» **Problem to work on**
Write out, word for word, the first line of the data below and every line after it through the one containing "1boy 1girl :d".

START Supplied information

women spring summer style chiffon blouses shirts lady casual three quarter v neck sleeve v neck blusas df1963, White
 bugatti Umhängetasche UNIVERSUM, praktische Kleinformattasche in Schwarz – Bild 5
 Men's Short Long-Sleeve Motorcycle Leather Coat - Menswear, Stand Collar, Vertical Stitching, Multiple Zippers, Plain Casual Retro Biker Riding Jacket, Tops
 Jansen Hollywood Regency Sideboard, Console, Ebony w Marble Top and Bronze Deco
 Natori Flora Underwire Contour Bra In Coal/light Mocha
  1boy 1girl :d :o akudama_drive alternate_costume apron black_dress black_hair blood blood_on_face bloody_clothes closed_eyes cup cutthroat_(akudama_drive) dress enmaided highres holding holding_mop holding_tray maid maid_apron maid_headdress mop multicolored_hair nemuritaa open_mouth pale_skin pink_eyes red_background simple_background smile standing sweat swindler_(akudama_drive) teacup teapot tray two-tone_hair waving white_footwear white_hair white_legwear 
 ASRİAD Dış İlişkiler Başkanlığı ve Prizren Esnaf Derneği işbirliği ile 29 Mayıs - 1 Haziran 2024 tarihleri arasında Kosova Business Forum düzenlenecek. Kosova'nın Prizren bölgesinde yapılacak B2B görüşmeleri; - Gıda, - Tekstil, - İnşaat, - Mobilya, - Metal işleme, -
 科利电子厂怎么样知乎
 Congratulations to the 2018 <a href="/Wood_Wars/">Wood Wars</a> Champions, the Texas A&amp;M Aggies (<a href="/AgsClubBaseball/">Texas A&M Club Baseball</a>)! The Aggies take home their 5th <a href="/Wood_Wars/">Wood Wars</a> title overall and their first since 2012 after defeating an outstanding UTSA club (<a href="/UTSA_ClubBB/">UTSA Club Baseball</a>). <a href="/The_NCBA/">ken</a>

END Supplied information

» **Response below**
women spring summer style chiffon blouses shirts lady casual three quarter v neck sleeve v neck blusas df1963, White
 bugatti Umhängetasche UNIVERSUM, praktische Kleinformattasche in Schwarz – Bild 5
 Men's Short Long-Sleeve Motorcycle Leather Coat - Menswear, Stand Collar, Vertical Stitching, Multiple Zippers, Plain Casual Retro Biker Riding Jacket, Tops
 Jansen Hollywood Regency Sideboard, Console, Ebony w Marble Top and Bronze Deco
 Natori Flora Underwire Contour Bra In Coal/light Mocha
  1boy 1girl :d :o akudama_drive alternate_costume apron black_dress black_hair blood blood_on_face bloody_clothes closed_eyes cup cutthroat_(akudama_drive) dress enmaided highres holding holding_mop holding_tray maid maid_apron maid_headdress mop multicolored_hair nemuritaa open_mouth pale_skin pink_eyes red_background simple_background smile standing sweat swindler_(akudama_drive) teacup teapot tray two-tone_hair waving white_footwear white_hair white_legwear 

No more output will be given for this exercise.